● **What the exercise asks**
In the entries below, find the line with "5 bedroom Apartment" and print exactly every line from there up to and including the line with "Affordable 2br, Perfect", with no other lines.

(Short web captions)
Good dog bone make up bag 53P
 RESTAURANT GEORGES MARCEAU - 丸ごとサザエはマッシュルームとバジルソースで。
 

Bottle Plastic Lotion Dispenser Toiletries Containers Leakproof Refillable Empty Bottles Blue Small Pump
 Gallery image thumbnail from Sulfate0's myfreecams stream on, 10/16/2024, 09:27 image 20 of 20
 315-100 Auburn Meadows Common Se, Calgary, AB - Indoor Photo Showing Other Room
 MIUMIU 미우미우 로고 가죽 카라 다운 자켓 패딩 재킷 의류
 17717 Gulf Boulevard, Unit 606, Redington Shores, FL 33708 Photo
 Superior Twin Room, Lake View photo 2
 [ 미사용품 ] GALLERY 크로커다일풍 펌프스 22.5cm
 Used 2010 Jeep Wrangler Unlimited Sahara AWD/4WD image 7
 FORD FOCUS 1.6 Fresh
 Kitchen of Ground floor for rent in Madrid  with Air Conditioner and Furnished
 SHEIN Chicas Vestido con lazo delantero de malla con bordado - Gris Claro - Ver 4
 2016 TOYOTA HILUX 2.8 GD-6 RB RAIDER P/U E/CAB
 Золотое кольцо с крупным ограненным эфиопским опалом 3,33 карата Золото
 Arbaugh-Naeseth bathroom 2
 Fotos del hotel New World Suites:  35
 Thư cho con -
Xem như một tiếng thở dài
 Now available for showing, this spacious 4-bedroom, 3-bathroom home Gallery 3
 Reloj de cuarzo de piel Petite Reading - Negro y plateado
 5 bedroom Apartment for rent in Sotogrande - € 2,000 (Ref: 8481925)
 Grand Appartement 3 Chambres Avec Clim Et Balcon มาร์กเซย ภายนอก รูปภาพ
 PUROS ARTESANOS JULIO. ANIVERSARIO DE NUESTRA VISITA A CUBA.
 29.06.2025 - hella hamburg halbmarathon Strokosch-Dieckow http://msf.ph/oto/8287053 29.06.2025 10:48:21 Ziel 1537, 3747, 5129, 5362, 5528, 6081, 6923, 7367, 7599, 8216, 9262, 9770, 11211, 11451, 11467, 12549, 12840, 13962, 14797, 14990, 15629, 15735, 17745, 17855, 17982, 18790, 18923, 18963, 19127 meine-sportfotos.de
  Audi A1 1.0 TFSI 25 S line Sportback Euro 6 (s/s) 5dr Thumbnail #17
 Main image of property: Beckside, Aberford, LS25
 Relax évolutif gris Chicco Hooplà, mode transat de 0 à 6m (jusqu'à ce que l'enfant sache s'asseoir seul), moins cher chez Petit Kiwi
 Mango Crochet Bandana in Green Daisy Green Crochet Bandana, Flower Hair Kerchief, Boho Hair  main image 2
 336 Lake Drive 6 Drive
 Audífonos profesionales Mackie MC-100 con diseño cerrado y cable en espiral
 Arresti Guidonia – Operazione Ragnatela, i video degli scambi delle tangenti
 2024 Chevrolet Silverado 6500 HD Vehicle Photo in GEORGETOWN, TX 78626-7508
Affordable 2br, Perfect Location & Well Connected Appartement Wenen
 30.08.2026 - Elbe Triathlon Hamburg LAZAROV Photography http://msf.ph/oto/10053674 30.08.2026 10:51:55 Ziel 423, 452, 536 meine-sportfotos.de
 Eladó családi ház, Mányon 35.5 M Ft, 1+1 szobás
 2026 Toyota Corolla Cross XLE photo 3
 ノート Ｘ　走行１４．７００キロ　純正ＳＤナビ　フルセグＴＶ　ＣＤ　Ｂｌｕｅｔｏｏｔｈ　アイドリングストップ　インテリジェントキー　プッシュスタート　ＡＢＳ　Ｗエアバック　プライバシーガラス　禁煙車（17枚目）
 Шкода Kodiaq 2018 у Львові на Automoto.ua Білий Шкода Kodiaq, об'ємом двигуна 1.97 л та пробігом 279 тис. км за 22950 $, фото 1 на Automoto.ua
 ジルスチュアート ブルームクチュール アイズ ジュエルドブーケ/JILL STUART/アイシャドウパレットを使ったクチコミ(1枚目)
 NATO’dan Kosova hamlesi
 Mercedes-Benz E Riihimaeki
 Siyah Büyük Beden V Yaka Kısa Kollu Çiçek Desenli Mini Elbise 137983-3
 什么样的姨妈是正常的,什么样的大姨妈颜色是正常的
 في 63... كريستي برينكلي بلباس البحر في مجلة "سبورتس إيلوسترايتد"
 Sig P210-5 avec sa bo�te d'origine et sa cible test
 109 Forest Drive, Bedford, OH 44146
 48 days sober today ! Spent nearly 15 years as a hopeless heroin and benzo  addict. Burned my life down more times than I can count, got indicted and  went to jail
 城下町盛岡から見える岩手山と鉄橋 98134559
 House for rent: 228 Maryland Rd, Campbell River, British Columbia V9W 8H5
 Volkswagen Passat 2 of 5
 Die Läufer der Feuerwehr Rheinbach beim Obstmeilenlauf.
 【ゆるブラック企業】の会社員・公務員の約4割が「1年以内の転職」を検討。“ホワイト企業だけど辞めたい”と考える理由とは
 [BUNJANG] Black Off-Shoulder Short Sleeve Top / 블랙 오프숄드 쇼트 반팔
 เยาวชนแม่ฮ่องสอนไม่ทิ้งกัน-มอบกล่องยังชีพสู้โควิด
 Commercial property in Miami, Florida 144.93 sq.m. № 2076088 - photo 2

● **Response below**
 5 bedroom Apartment for rent in Sotogrande - € 2,000 (Ref: 8481925)
 Grand Appartement 3 Chambres Avec Clim Et Balcon มาร์กเซย ภายนอก รูปภาพ
 PUROS ARTESANOS JULIO. ANIVERSARIO DE NUESTRA VISITA A CUBA.
 29.06.2025 - hella hamburg halbmarathon Strokosch-Dieckow http://msf.ph/oto/8287053 29.06.2025 10:48:21 Ziel 1537, 3747, 5129, 5362, 5528, 6081, 6923, 7367, 7599, 8216, 9262, 9770, 11211, 11451, 11467, 12549, 12840, 13962, 14797, 14990, 15629, 15735, 17745, 17855, 17982, 18790, 18923, 18963, 19127 meine-sportfotos.de
  Audi A1 1.0 TFSI 25 S line Sportback Euro 6 (s/s) 5dr Thumbnail #17
 Main image of property: Beckside, Aberford, LS25
 Relax évolutif gris Chicco Hooplà, mode transat de 0 à 6m (jusqu'à ce que l'enfant sache s'asseoir seul), moins cher chez Petit Kiwi
 Mango Crochet Bandana in Green Daisy Green Crochet Bandana, Flower Hair Kerchief, Boho Hair  main image 2
 336 Lake Drive 6 Drive
 Audífonos profesionales Mackie MC-100 con diseño cerrado y cable en espiral
 Arresti Guidonia – Operazione Ragnatela, i video degli scambi delle tangenti
 2024 Chevrolet Silverado 6500 HD Vehicle Photo in GEORGETOWN, TX 78626-7508
Affordable 2br, Perfect Location & Well Connected Appartement Wenen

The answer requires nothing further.